Sheer weight of runs for Warwickshire on the county circuit over an 18-month period earned him his place in the autumn tour party for the trip to New Zealand.
But it was not until he reached South Africa a month later that he really started to fire.
He admits the doubts raised after his first few innings as an England player - 22 and 12 in his first Test at Mount Maunganui, followed by just four in the second Test at Hamilton - did get to him a little.
"I'd only had three innings," points out Sibley. "I actually thought I was prepared for the scrutiny. Yet there were still people ready to write me off after just three innings.
"I was a bit taken aback by that but it gave me an extra point to prove when we then went to South Africa.
"On the plane back from New Zealand, it was not ideal. I was a bit down but, after getting back to England to have conversations with people you confide in and trust, I used it as motivation to go back there and succeed."
In the first Test of the South Africa series, at Centurion, partnered once more by his old Surrey team-mate Rory Burns, Sibley clocked up another failure, again scoring only four.
But, although improving with 29 in the second innings as England headed for defeat, it was coincidentally the injured Burns' absence for the second Test at Cape Town that heralded Sibley's big breakthrough.
After again getting set, only to depart for 34 in the first innings, Sibley seized his chance second time round.
Ending day three on 85, he went on to complete his first Test century, and was undefeated on 133 just after lunch the next day when England declared to set up their 189-run series-turning win.
"It was amazing to have that feeling," he told BBC WM 95.6. "To know that you can do it at that level, on such an amazing ground as Cape Town too.
"There was no rush to put you foot down. It was just a chance to set it up and allow others to be more aggressive around me. And, for it to lead to a Test win was extra special."
Sibley followed up with 36 in the third Test and two knocks of 44 in the last, when he was joined in the side by Bears team-mate Chris Woakes, as well as his old Surrey pal Sam Curran, as Joe Root's side went on to win twice more.
"My favourite thing about it, looking back at the highlights now, was to be able to see your friends enjoying your success," he said.
"I saw Woakesie's big fist pump and Sam Curran, one of my closest friends, jumping up and down."
'I just backed myself a bit more'
Sibley made headlines with a double century in only his third game for Surrey as an 18-year-old schoolboy, but it took a move away from The Oval to realise his true potential.
"It's been a combination of a few things," he said. "A few changes in my technique, maturing as a person and moving away from Surrey helped.

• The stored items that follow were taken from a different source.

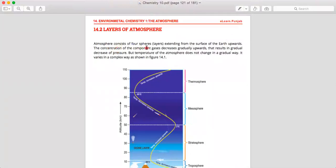The atmosphere consists of four layers extending from the Earth's surface upward. The concentration of component gases decreases gradually upward as the result of decreasing pressure. As we move away from the Earth's surface, the amount of gases will be reduced. As the concentration of gases decreases, the pressure also decreases, but the temperature does not change so gradually with pressure alone.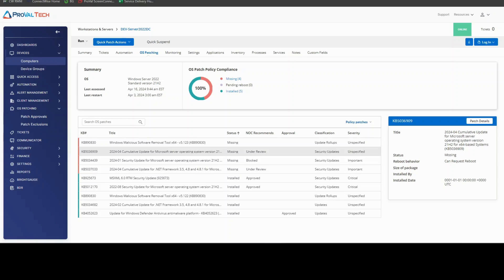Hello, my name is Chase Murphy, a senior consultant here at ProVal Tech, and today I wanted to quickly go over how to approve patches in ConnectWise RMM. So let's get right into it.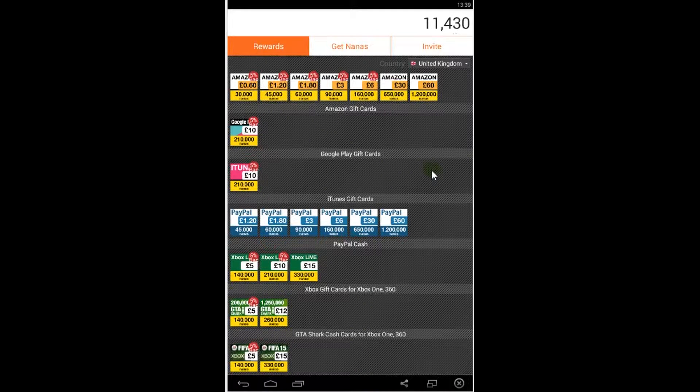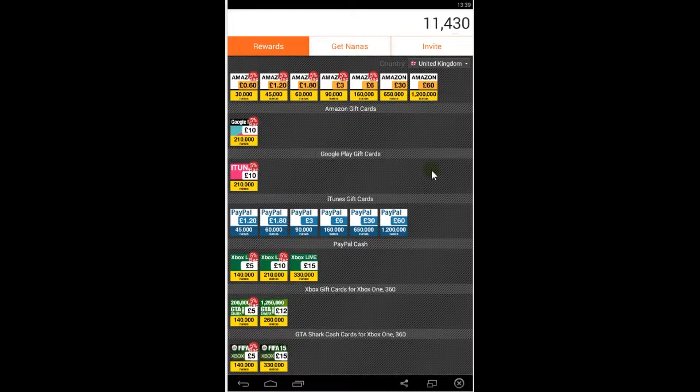Hello guys, today I'm going to show you a cool application called AppNana. You can get this application in Google Play or in the link in the description.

But a lot of it is mental and I just backed myself a bit more."
After hitting the highest first-class in English cricket last summer, a career-best 244 against Kent at Canterbury, it was another double hundred, rapidly followed by a quick match-winning second-innings century against season-long relegation rivals Nottinghamshire at Trent Bridge that secured Sibley his seat on the plane with England.
"It was just days before the squad was to be announced," he said, "I knew the selectors might be there, I was extra motivated and I got a few runs.

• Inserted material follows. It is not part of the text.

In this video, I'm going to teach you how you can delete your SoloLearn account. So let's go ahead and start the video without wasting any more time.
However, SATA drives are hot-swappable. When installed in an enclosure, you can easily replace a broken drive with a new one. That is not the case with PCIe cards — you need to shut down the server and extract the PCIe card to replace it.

"It's every young boy's dream is to play for their country and it's great now to have had a bit of success."
After maintaining his form by joining up with England Lions in Australia in Fe bruary and scoring a century at Melbourne Cricket Ground, Sibley hoped that there would then be more to come in Sri Lanka.
But no sooner had England touched down than they were packing to come home again.
England worried over 'quarantine'
"It was a strange couple of days," said Sibley. "The lads were starting to get on edge, worrying whether they'd be able to get home, especially the ones with young families.
"There was the potential that somebody might get ill and we might then have to stay out there in quarantine.
"But now everyone else is in the same situation. I'm just using this time off to try and get fitter.
"I'm on rations at the moment trying to lose a bit of weight for when we get off and running again."
And he has other targets too. Having reached three figures at Test level once, he knows he is capable of doing it again.
"I'd love to get one at Lord's," he said. "And Edgbaston too. I was talking about that with Jonathan Trott.
"We've now both got a ton at the MCG. But he got his in a Test with 100,000 people there. It was bit different for me, doing it in front of about 20 people."
What next for England?
England are next scheduled to play Test cricket against the West Indies in June, to be followed by a limited-over series against Australia in July and three Tests against Pakistan in August.
But with doubts about whether there will be any County Championship action this summer, opportunities for match practice, should the West Indies Tests be given the go ahead, are likely to be limited.
For Sibley, the rest of the England squad. and so many other sportsmen and women around the world, the only game at the moment is a waiting game.